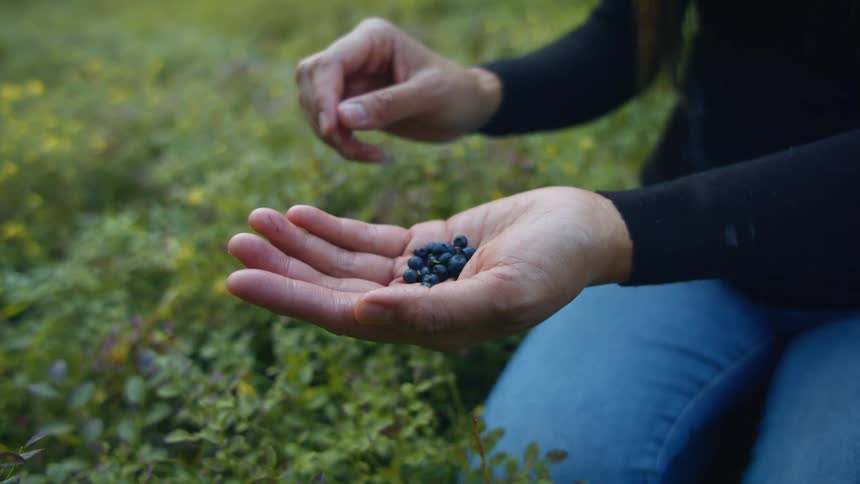 Woman sitting in grass picking wild blueberries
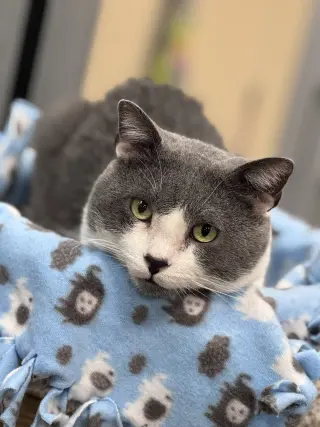 Byrdie & Mickle (bonded pair)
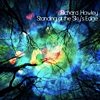 Richard Hawley - Standing At The Sky's Edge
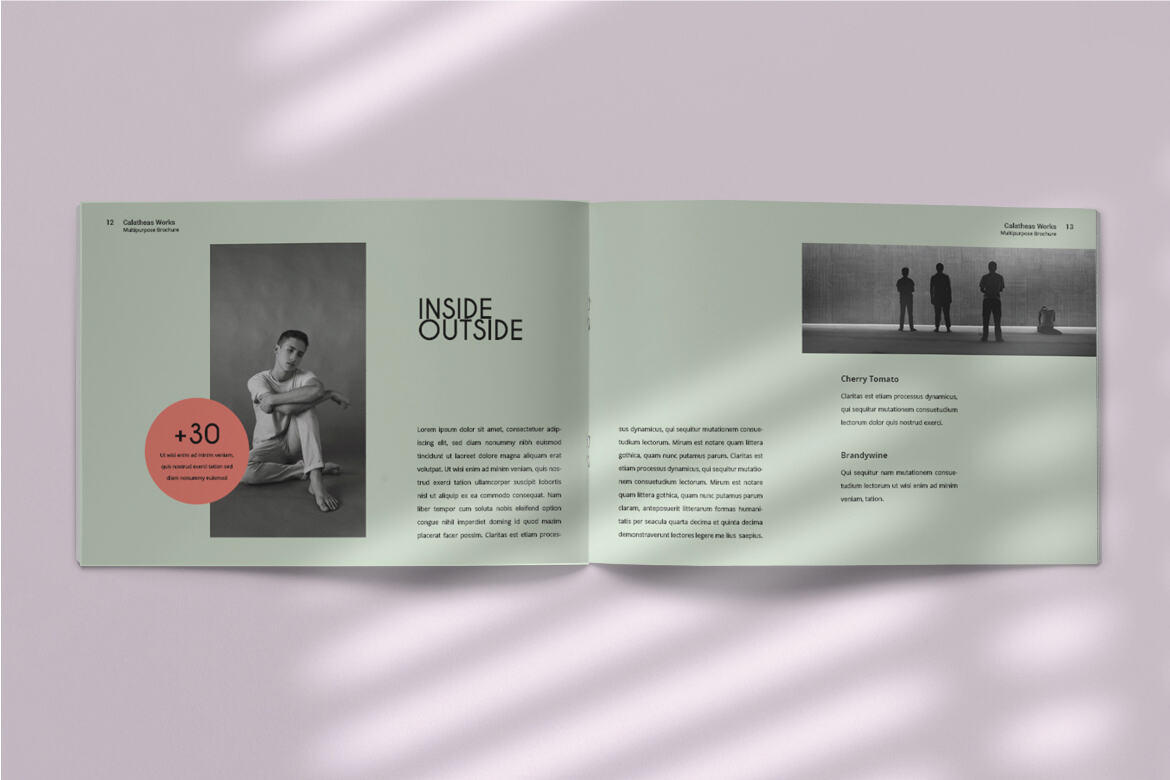 Calatheas Works - FREE Landscape Brochure Template - view 7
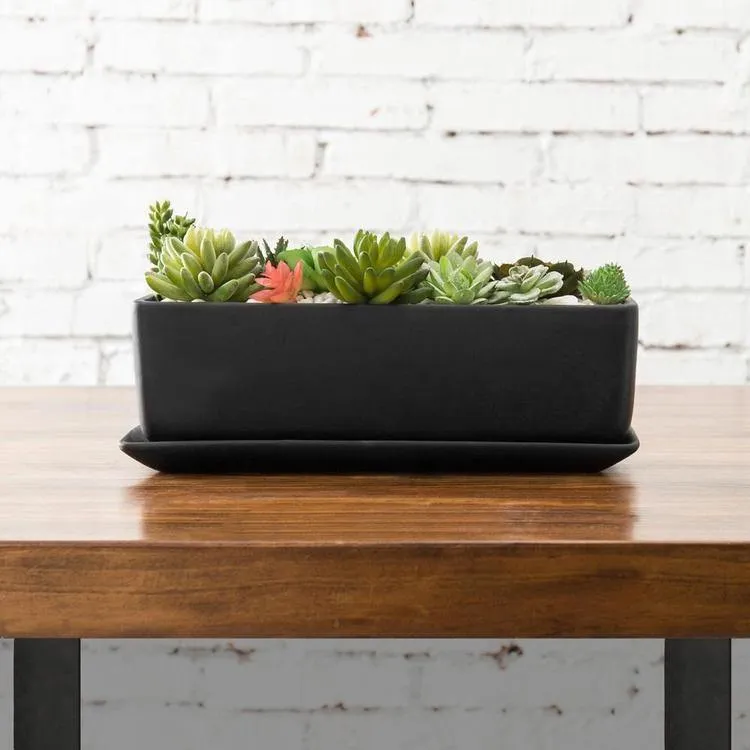 Rectangular Ceramic Succulent Planter with Saucer, Black 14 Inches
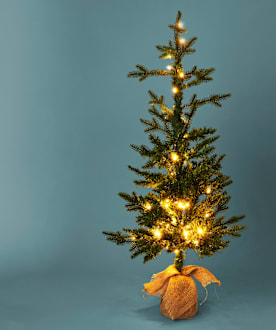Juletræ med lyskæde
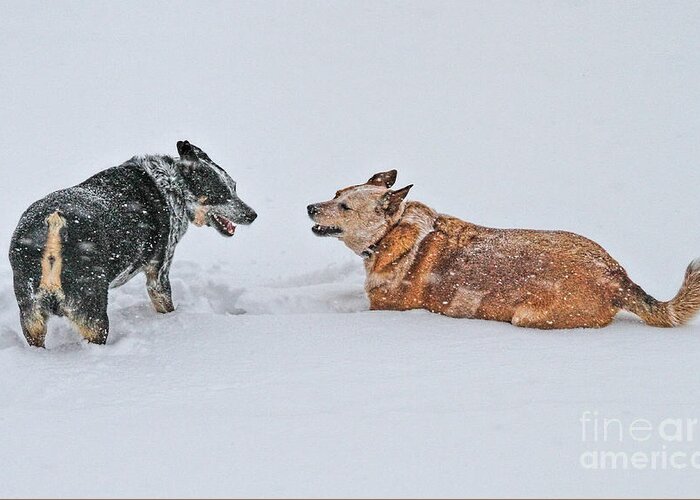 Australian Cattle Dog Greeting Card featuring the photograph Snow Play by Elizabeth Winter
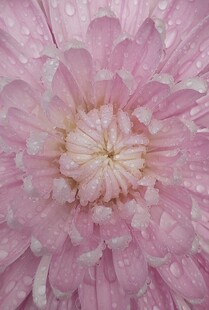 粉色带露菊花特写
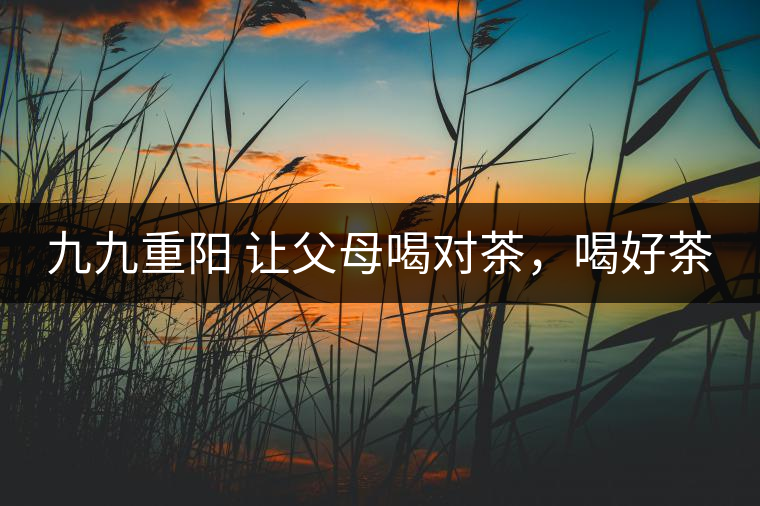 九九重陽 讓父母喝對茶，喝好茶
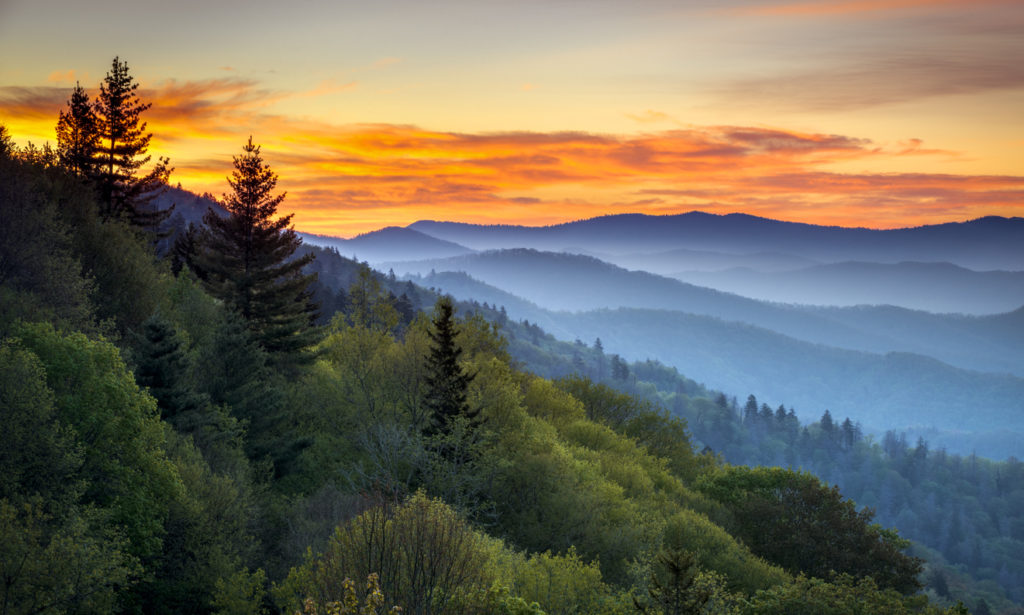 how to find high elevation real estate in WNC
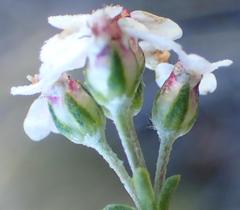 Eriocephalus brevifolius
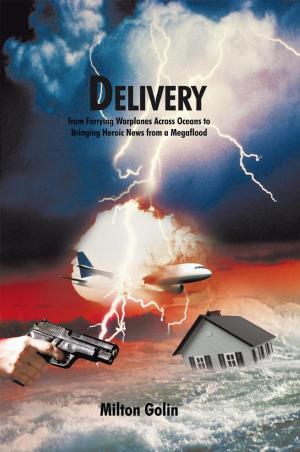bigCover of the book Delivery by 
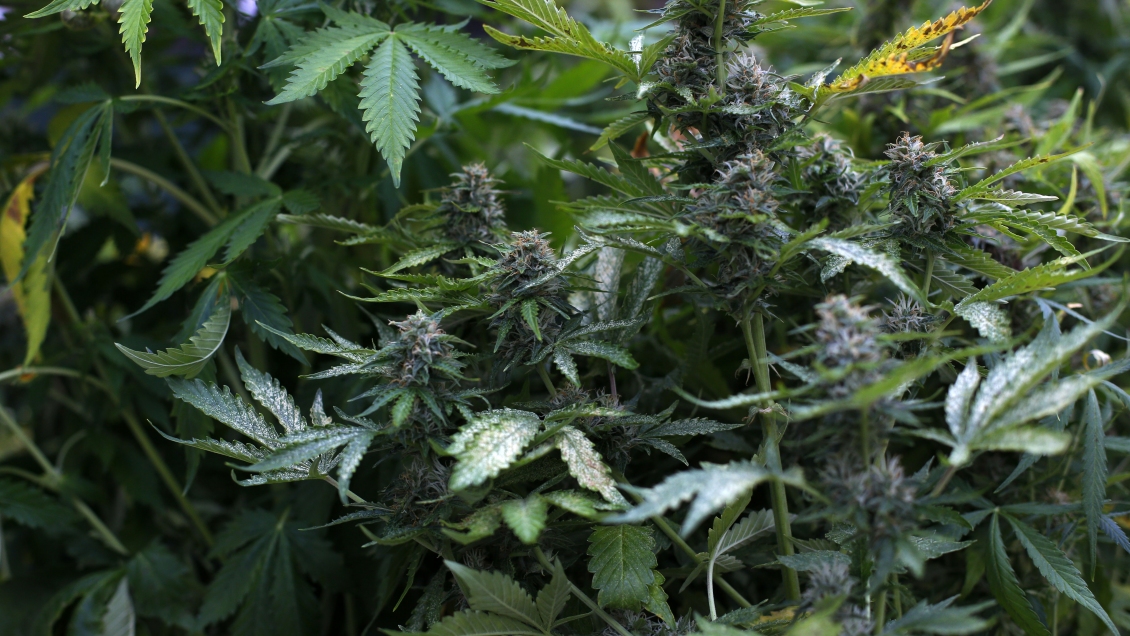 Detienen a 20 personas por tráfico de droga en la Región de Valparaíso: Se incautaron 8.000 plantas de marihuana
....
> ASSIGNMENT
Because the copy must hold no pictures, return only the lines that run from the line containing "Eriocephalus brevifolius" to the end of the data above, each exactly as it stands.

> EXERCISE OUTPUT
 Eriocephalus brevifolius
bigCover of the book Delivery by 
 Detienen a 20 personas por tráfico de droga en la Región de Valparaíso: Se incautaron 8.000 plantas de marihuana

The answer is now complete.